# Exercise description
Everything in the records below except the images should be output exactly as written.

Material to process section start

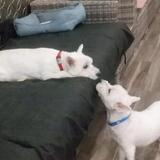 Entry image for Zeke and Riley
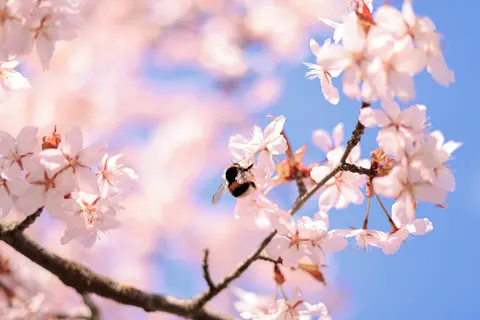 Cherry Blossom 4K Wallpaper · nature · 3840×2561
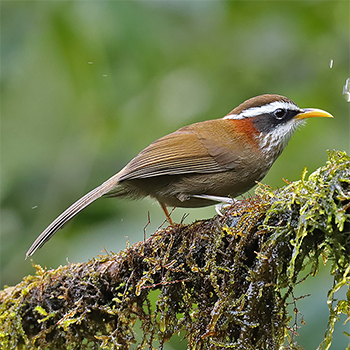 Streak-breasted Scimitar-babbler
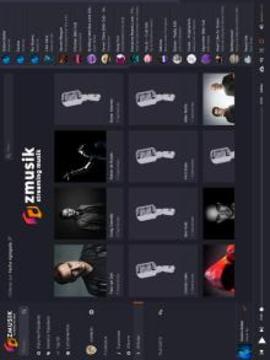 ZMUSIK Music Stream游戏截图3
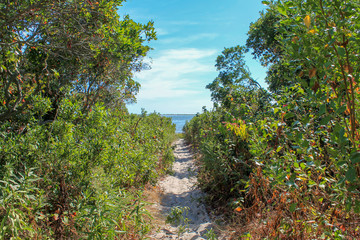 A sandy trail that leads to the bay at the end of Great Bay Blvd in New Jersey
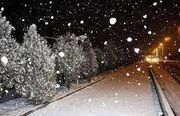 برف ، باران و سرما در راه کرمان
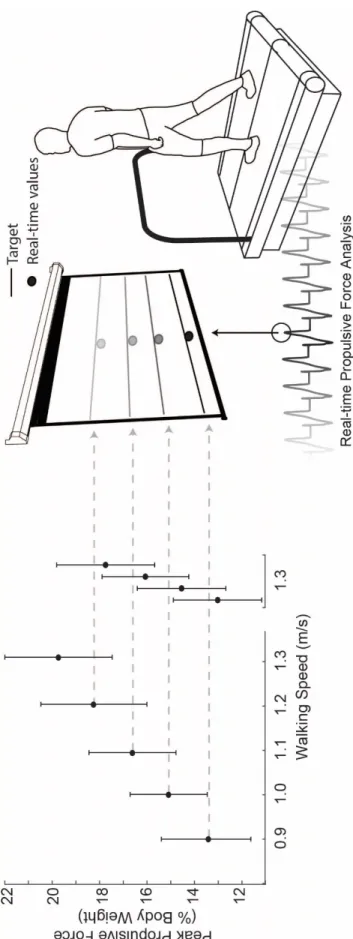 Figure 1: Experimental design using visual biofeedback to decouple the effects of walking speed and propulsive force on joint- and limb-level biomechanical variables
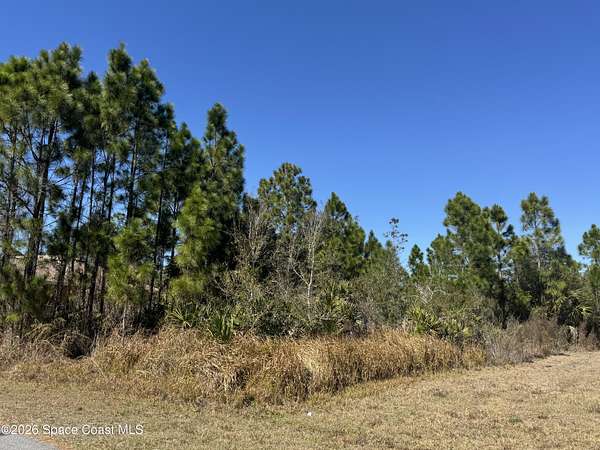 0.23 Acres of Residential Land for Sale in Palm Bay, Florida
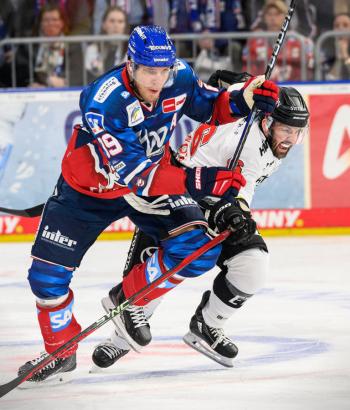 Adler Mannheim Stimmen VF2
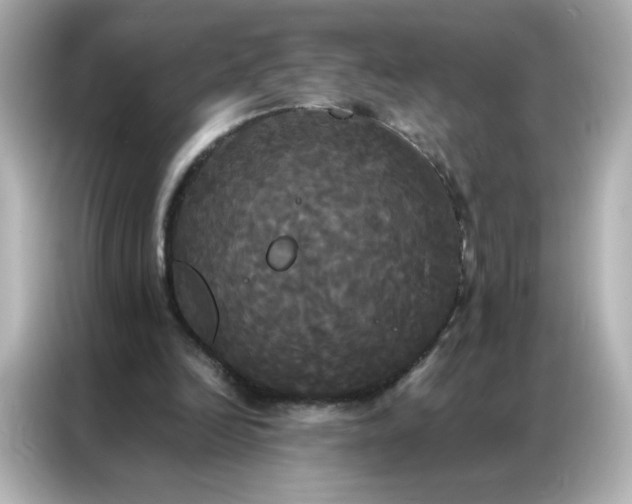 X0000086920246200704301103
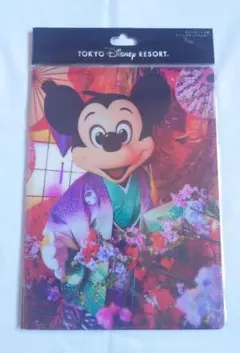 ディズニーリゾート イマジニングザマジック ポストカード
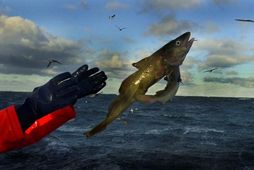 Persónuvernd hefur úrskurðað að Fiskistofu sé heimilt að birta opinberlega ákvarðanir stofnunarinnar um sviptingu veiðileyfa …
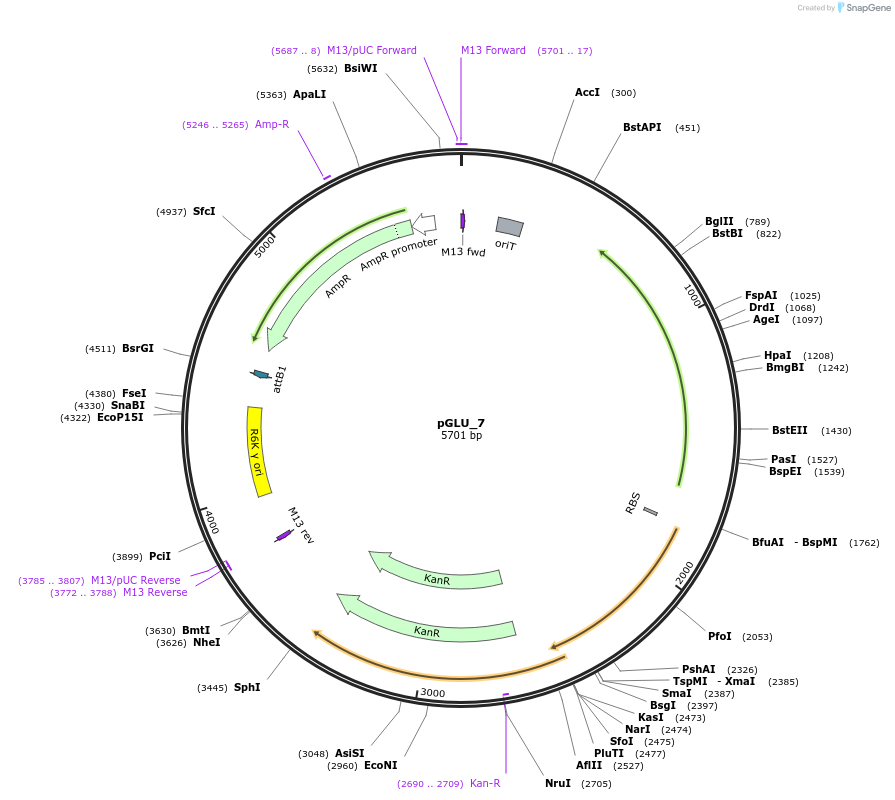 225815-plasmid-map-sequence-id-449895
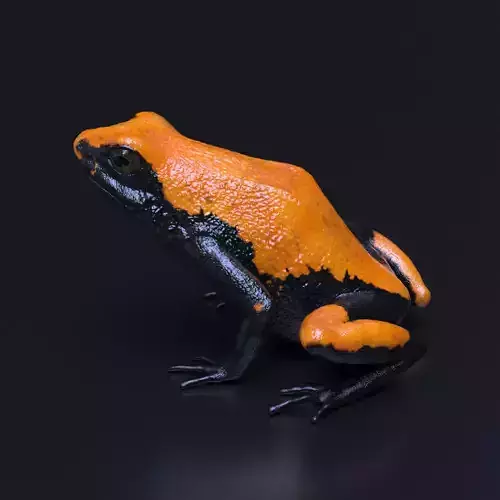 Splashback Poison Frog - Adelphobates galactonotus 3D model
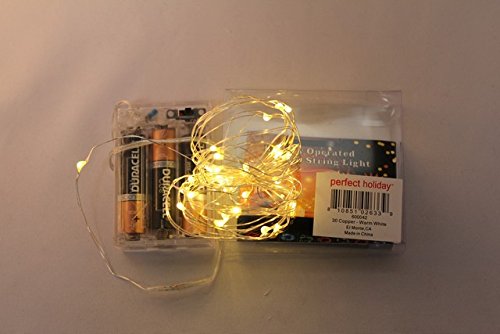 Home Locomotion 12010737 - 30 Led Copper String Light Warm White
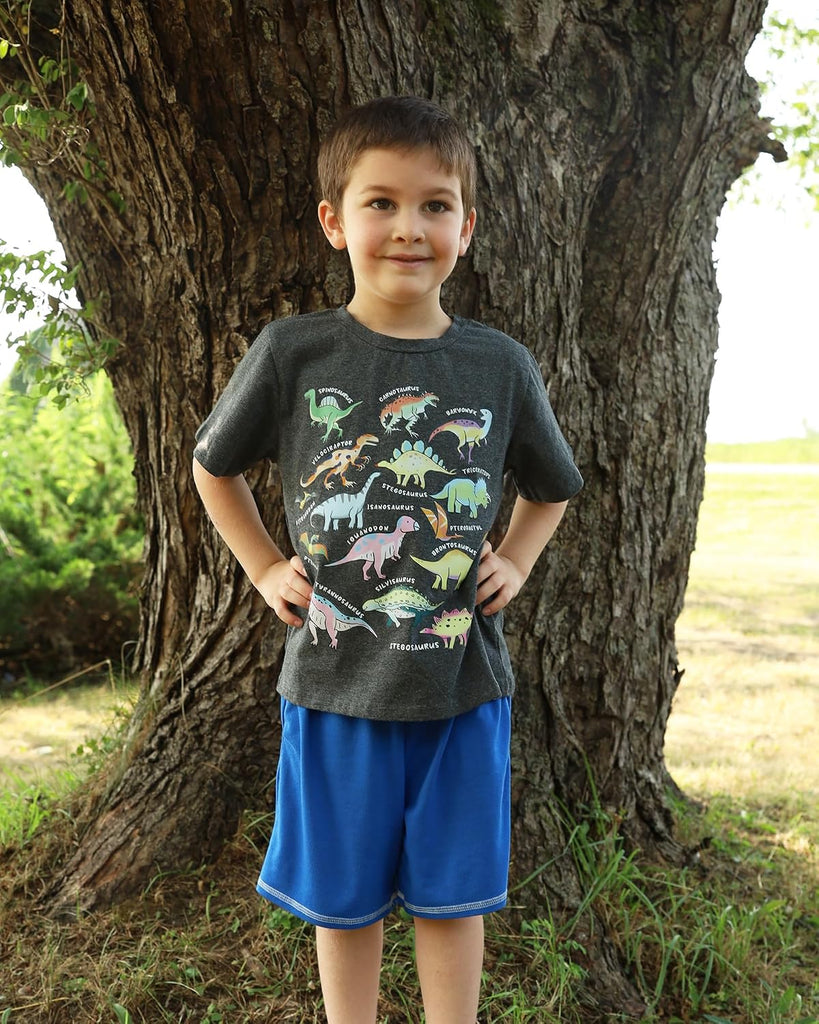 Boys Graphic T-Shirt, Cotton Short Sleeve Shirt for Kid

Material to process section end

# Answer for the task
 Entry image for Zeke and Riley
 Cherry Blossom 4K Wallpaper · nature · 3840×2561
 Streak-breasted Scimitar-babbler
 ZMUSIK Music Stream游戏截图3
 A sandy trail that leads to the bay at the end of Great Bay Blvd in New Jersey
 برف ، باران و سرما در راه کرمان
 Figure 1: Experimental design using visual biofeedback to decouple the effects of walking speed and propulsive force on joint- and limb-level biomechanical variables
 0.23 Acres of Residential Land for Sale in Palm Bay, Florida
 Adler Mannheim Stimmen VF2
 X0000086920246200704301103
 ディズニーリゾート イマジニングザマジック ポストカード
 Persónuvernd hefur úrskurðað að Fiskistofu sé heimilt að birta opinberlega ákvarðanir stofnunarinnar um sviptingu veiðileyfa …
 225815-plasmid-map-sequence-id-449895
 Splashback Poison Frog - Adelphobates galactonotus 3D model
 Home Locomotion 12010737 - 30 Led Copper String Light Warm White
 Boys Graphic T-Shirt, Cotton Short Sleeve Shirt for Kid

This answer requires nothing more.